_Data for the task_:
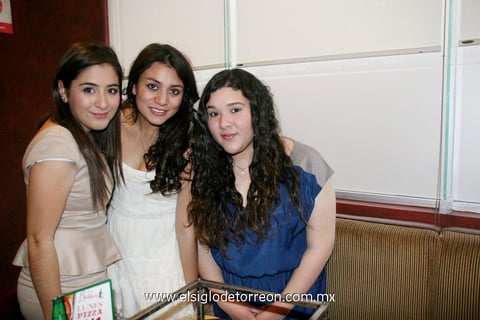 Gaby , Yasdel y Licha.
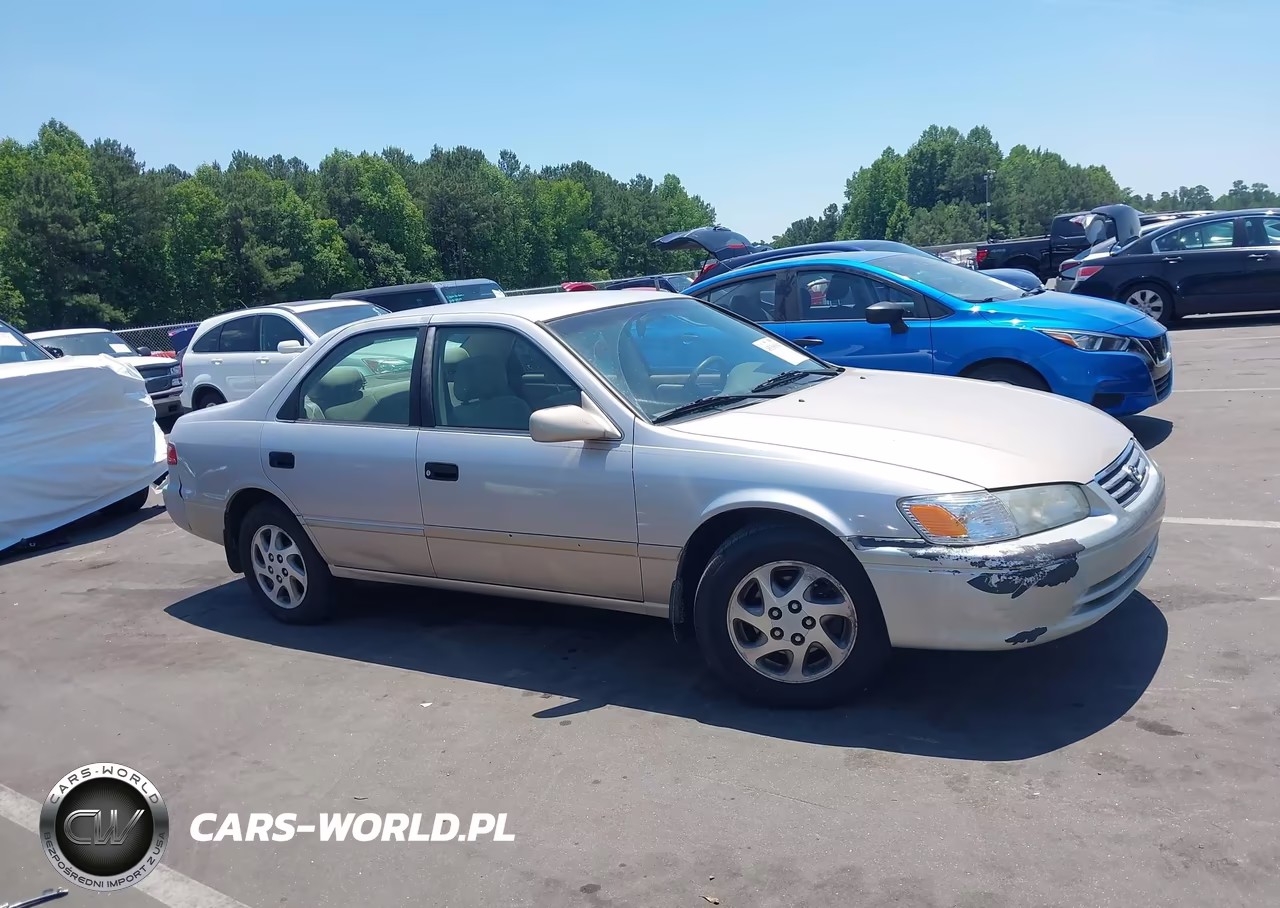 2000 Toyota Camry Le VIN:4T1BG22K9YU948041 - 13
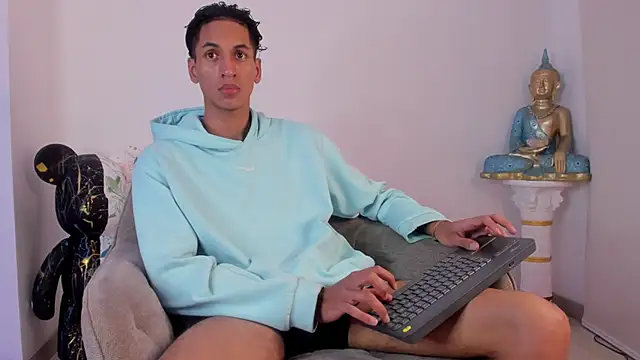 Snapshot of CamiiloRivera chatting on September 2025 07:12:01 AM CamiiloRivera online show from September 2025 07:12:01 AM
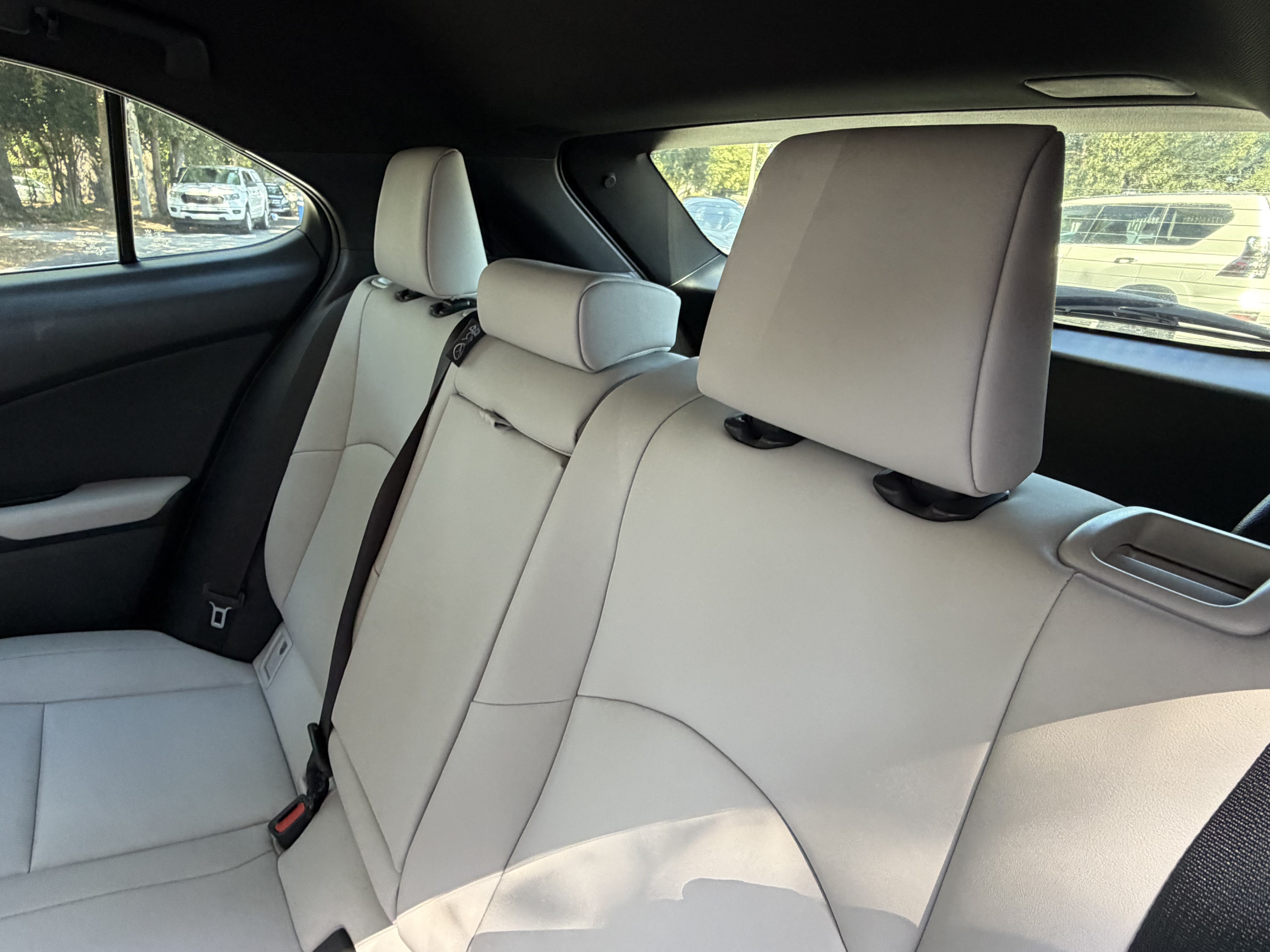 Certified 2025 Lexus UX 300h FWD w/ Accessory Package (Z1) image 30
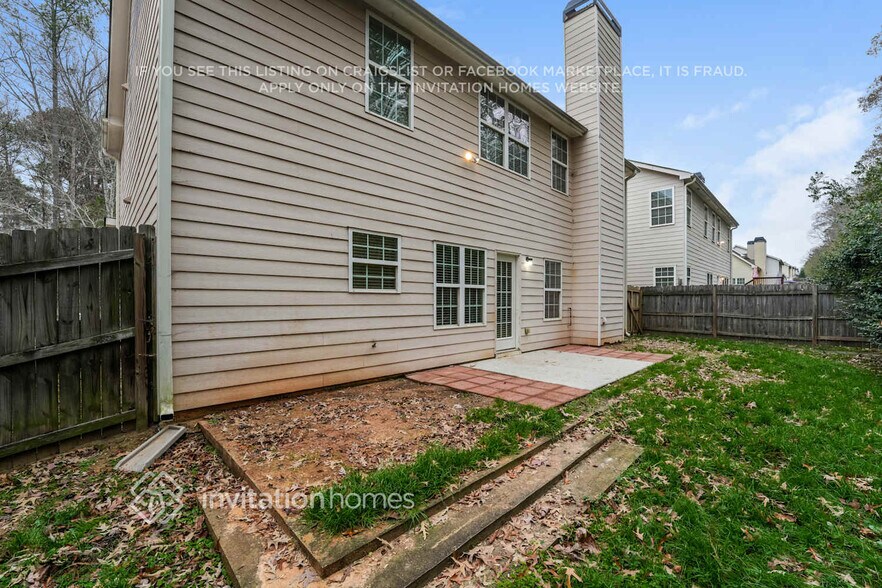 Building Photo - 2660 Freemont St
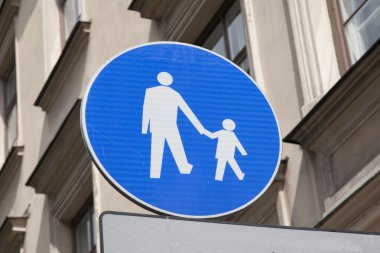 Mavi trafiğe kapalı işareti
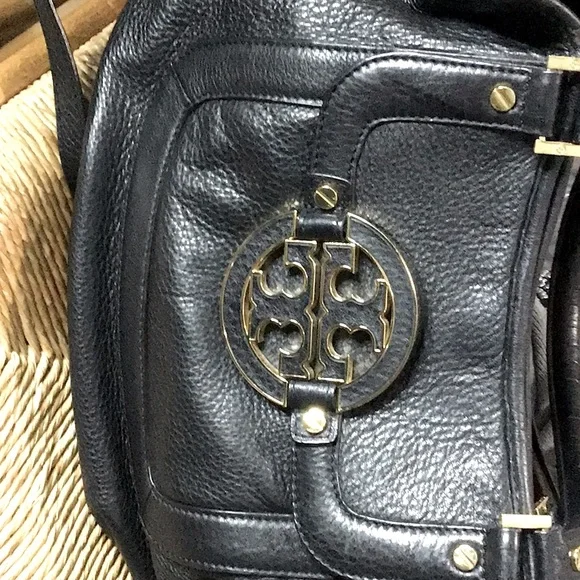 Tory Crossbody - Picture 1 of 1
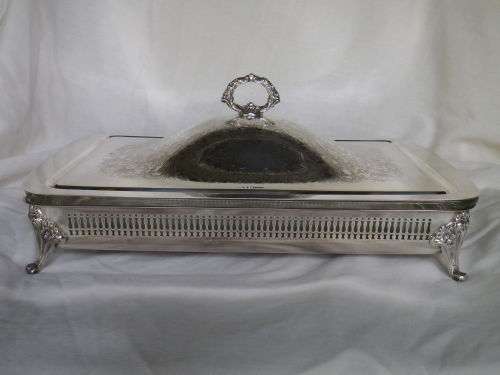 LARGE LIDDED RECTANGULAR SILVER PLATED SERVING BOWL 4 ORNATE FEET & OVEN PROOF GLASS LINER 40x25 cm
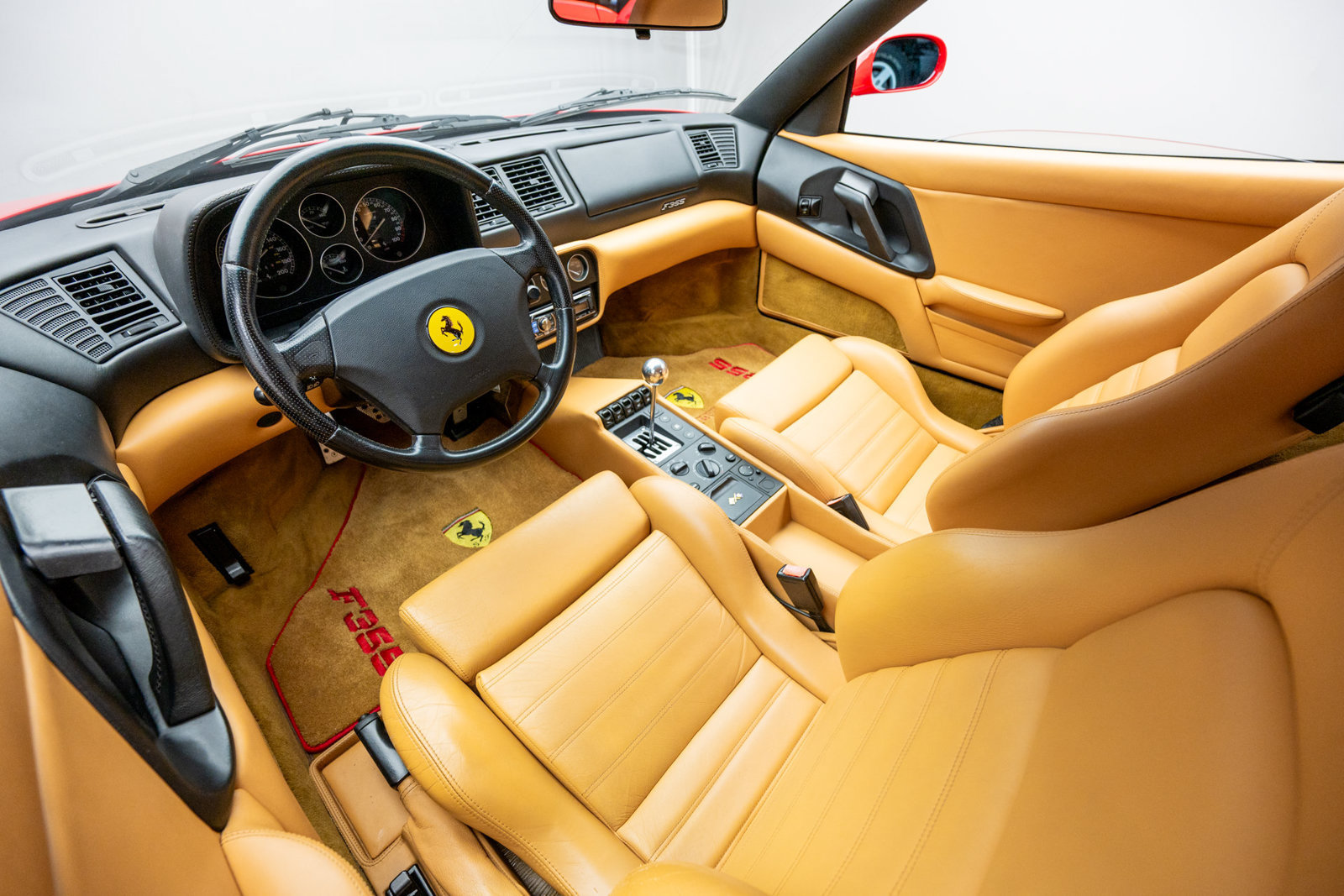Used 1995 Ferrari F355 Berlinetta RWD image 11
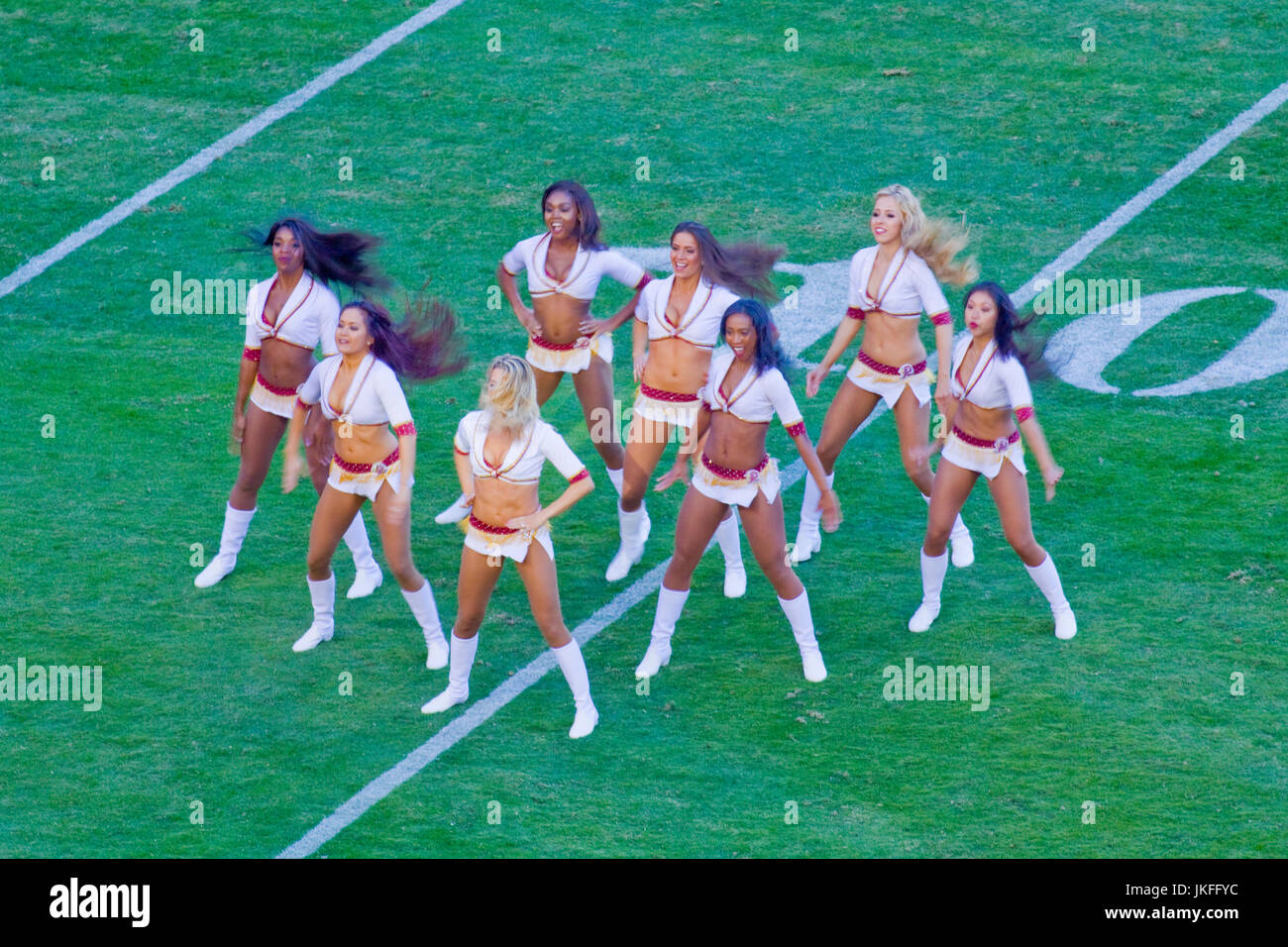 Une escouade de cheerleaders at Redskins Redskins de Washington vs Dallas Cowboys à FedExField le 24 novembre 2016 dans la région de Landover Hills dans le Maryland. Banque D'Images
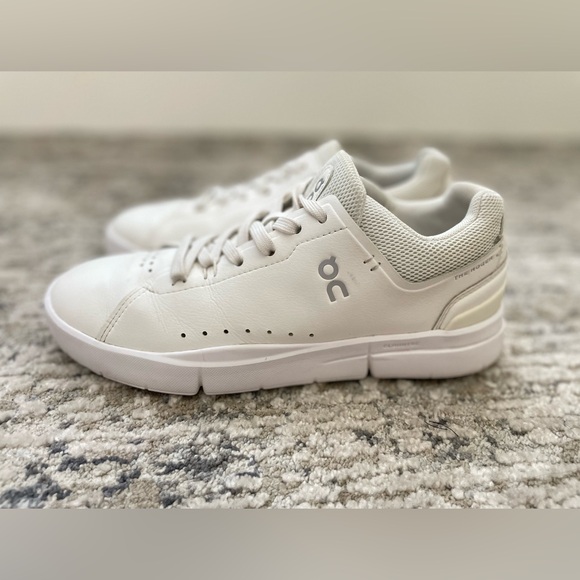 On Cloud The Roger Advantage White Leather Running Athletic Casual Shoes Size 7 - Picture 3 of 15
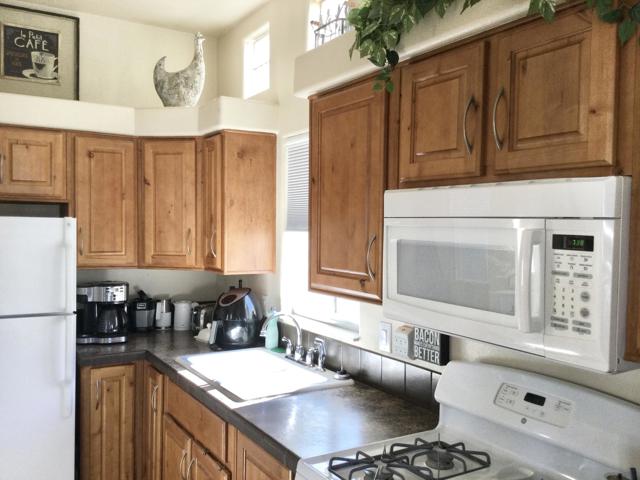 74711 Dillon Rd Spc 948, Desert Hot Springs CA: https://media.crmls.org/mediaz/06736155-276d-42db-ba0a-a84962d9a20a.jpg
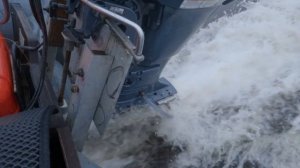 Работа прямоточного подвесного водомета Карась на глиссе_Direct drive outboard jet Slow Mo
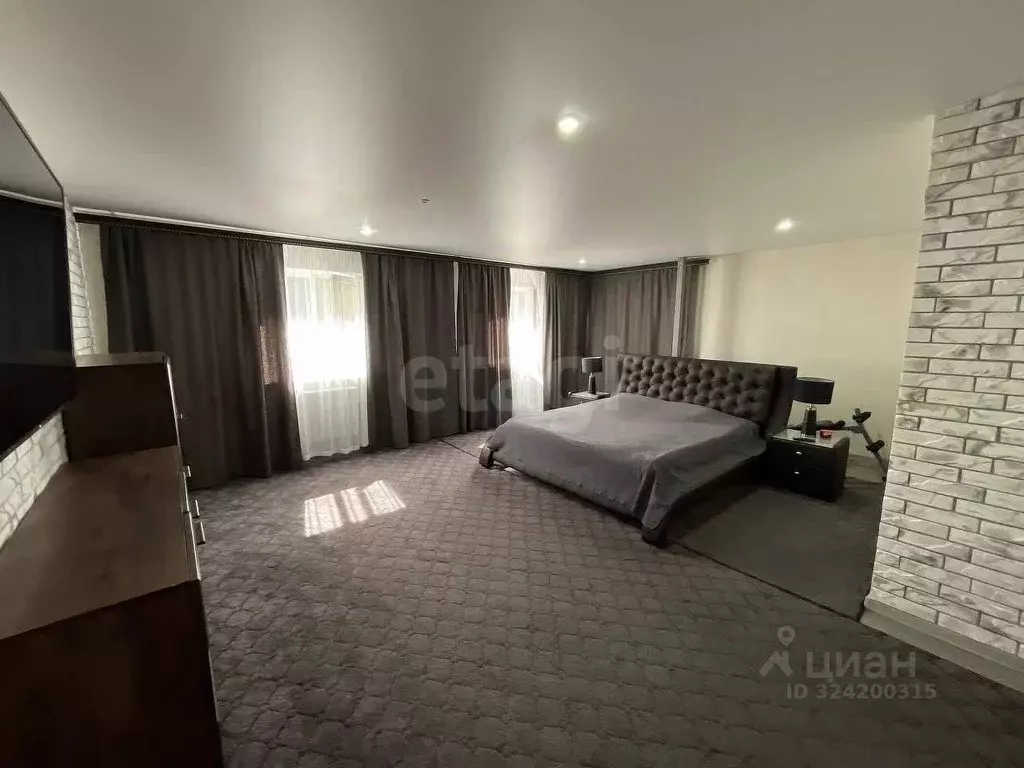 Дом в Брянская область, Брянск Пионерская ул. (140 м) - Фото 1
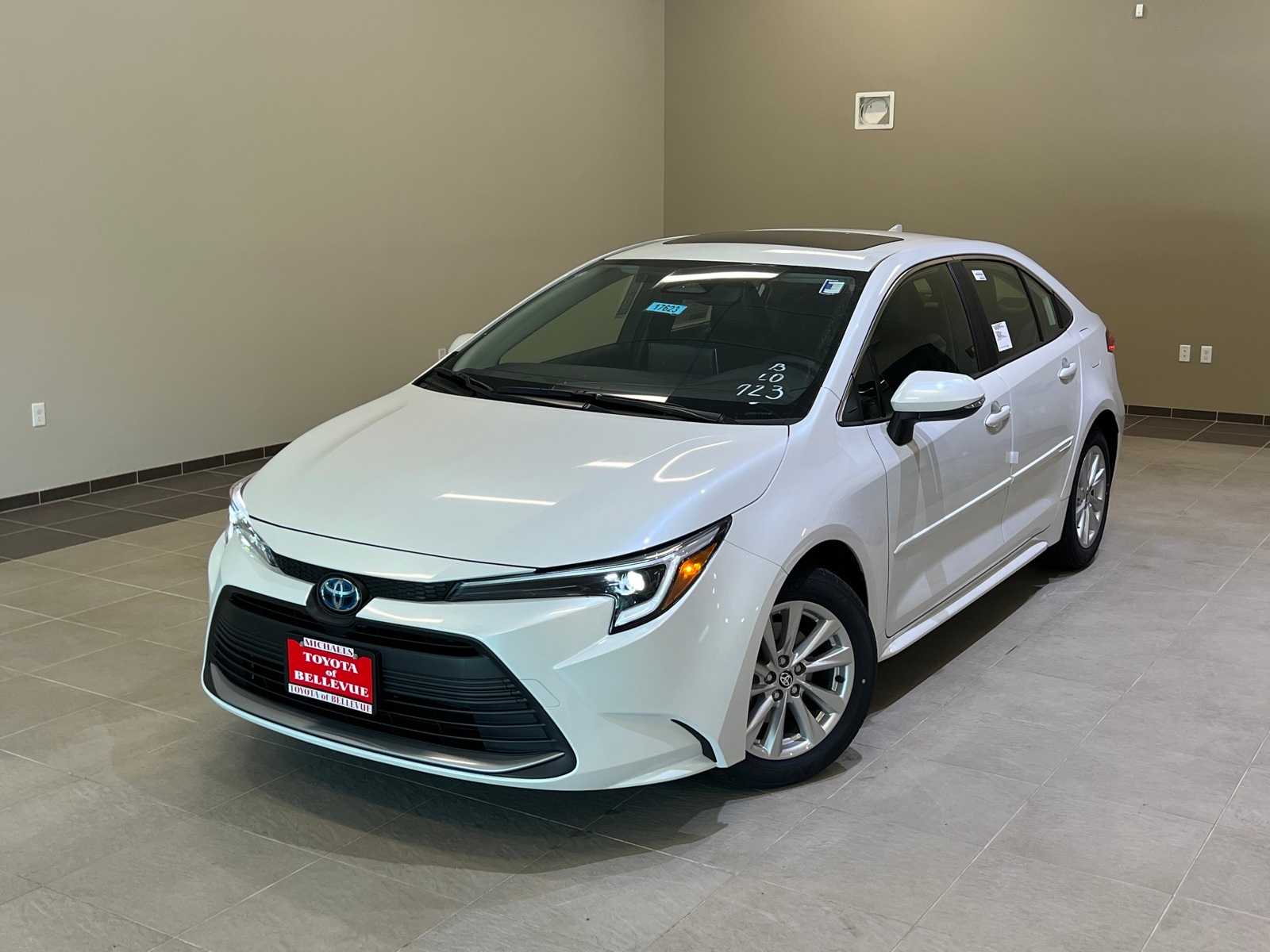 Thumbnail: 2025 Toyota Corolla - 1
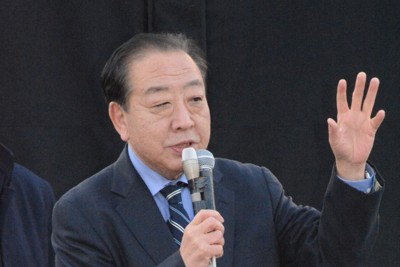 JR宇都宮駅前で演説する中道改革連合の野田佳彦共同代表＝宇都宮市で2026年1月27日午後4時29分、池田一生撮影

_What the exercise asks_: The output must start at the line holding "Une escouade de", end at the last line of the listing above, and show each line exactly; please omit all pictures.

_Exercise output_:
 Une escouade de cheerleaders at Redskins Redskins de Washington vs Dallas Cowboys à FedExField le 24 novembre 2016 dans la région de Landover Hills dans le Maryland. Banque D'Images
 On Cloud The Roger Advantage White Leather Running Athletic Casual Shoes Size 7 - Picture 3 of 15
 74711 Dillon Rd Spc 948, Desert Hot Springs CA: https://media.crmls.org/mediaz/06736155-276d-42db-ba0a-a84962d9a20a.jpg
 Работа прямоточного подвесного водомета Карась на глиссе_Direct drive outboard jet Slow Mo
 Дом в Брянская область, Брянск Пионерская ул. (140 м) - Фото 1
 Thumbnail: 2025 Toyota Corolla - 1
 JR宇都宮駅前で演説する中道改革連合の野田佳彦共同代表＝宇都宮市で2026年1月27日午後4時29分、池田一生撮影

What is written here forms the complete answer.